● **HOW TO COMPLETE THIS TASK**:
Print the lines in the listing below starting at the line with "Artiss Armchair Fabric" and ending at the line with "Yağ Yeşili Slim", both included. Reproduce them exactly and omit every picture.

● **LISTED RECORDS**:
++++

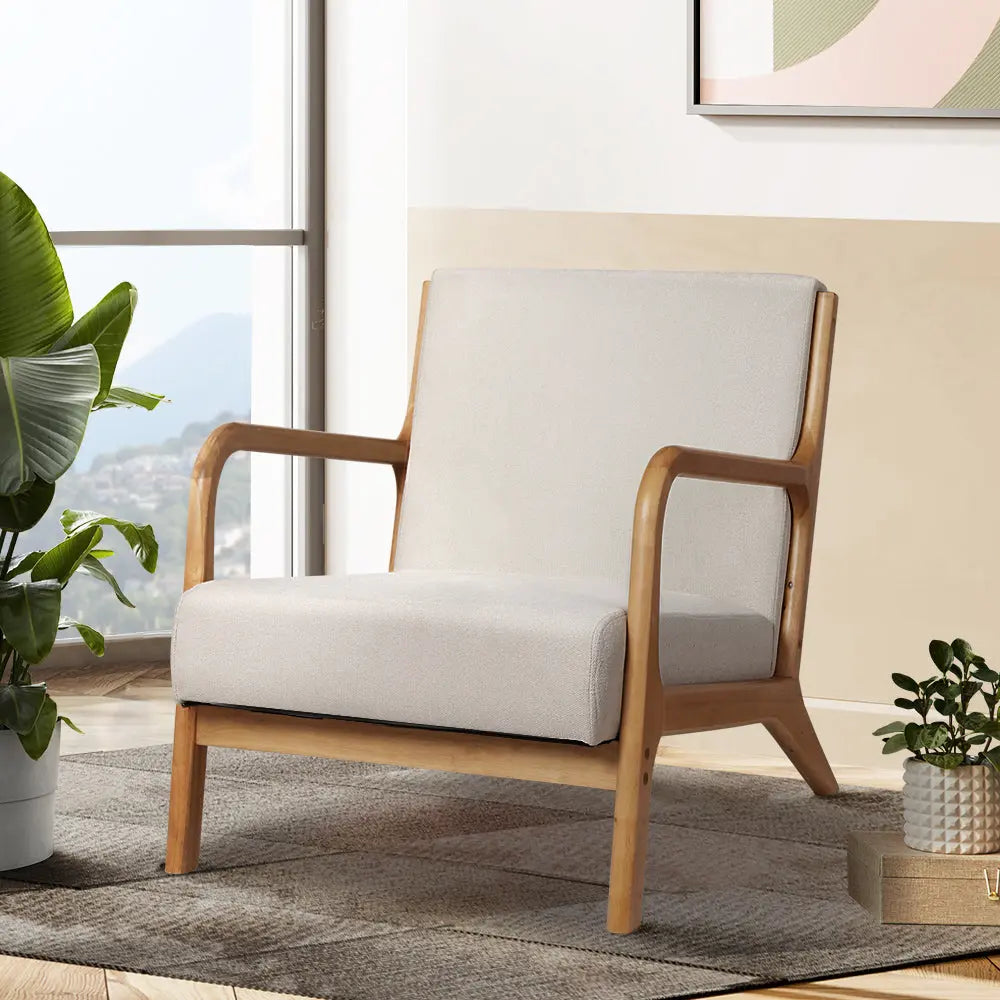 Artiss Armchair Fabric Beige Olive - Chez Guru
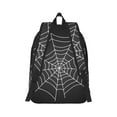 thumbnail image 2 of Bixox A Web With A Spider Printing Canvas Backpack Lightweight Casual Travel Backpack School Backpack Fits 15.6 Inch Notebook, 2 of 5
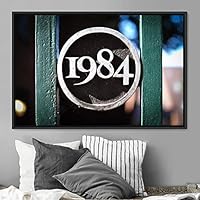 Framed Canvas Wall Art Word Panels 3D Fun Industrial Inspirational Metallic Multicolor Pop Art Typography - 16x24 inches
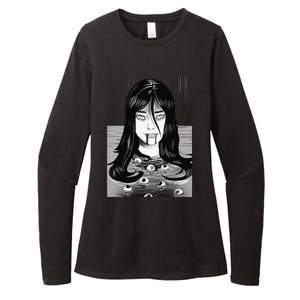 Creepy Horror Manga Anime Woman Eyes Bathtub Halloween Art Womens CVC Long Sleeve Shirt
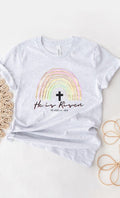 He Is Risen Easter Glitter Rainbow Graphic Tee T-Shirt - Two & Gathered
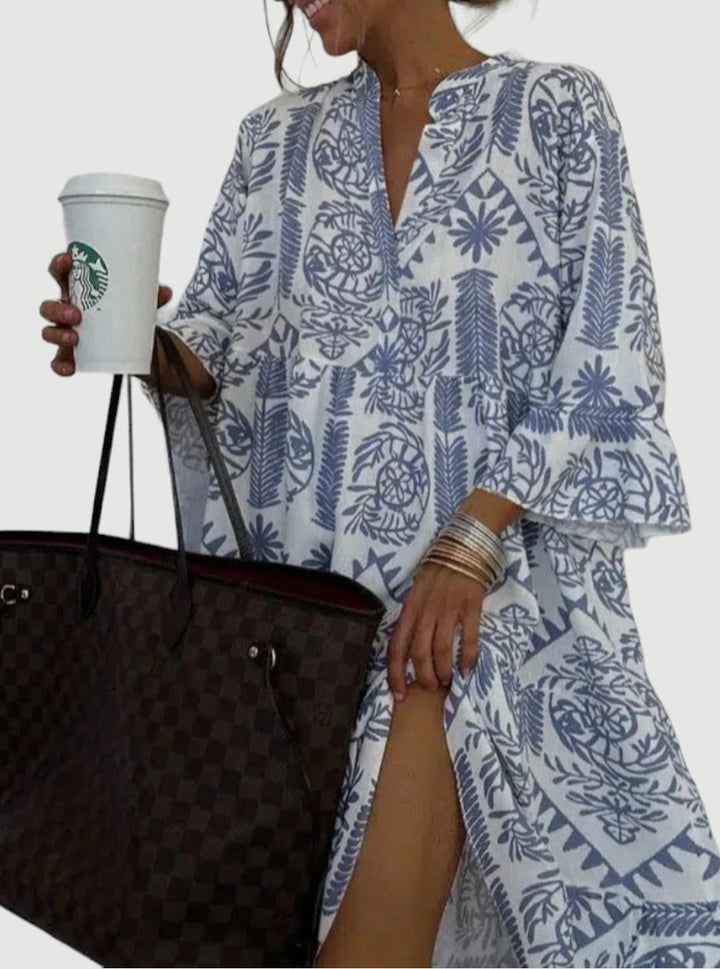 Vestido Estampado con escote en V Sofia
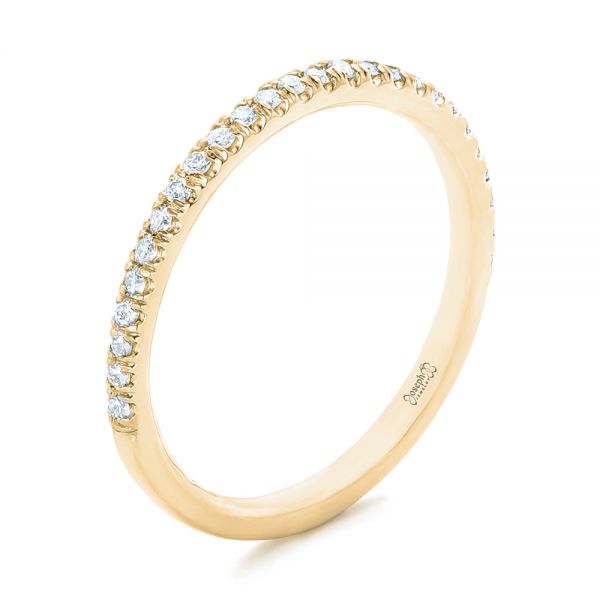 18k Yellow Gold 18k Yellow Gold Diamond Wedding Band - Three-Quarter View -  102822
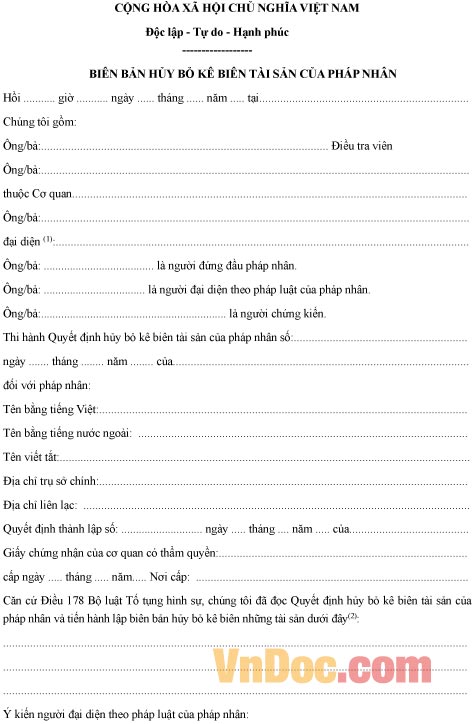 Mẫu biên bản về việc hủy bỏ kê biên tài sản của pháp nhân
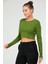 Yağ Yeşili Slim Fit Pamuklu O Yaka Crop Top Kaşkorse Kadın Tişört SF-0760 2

++++

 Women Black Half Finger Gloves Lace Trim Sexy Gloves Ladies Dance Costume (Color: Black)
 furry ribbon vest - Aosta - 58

++++

● **EXPECTED ANSWER**:
 Artiss Armchair Fabric Beige Olive - Chez Guru
 thumbnail image 2 of Bixox A Web With A Spider Printing Canvas Backpack Lightweight Casual Travel Backpack School Backpack Fits 15.6 Inch Notebook, 2 of 5
 Framed Canvas Wall Art Word Panels 3D Fun Industrial Inspirational Metallic Multicolor Pop Art Typography - 16x24 inches
 Creepy Horror Manga Anime Woman Eyes Bathtub Halloween Art Womens CVC Long Sleeve Shirt
 He Is Risen Easter Glitter Rainbow Graphic Tee T-Shirt - Two & Gathered
 Vestido Estampado con escote en V Sofia
 18k Yellow Gold 18k Yellow Gold Diamond Wedding Band - Three-Quarter View -  102822
 Mẫu biên bản về việc hủy bỏ kê biên tài sản của pháp nhân
 Yağ Yeşili Slim Fit Pamuklu O Yaka Crop Top Kaşkorse Kadın Tişört SF-0760 2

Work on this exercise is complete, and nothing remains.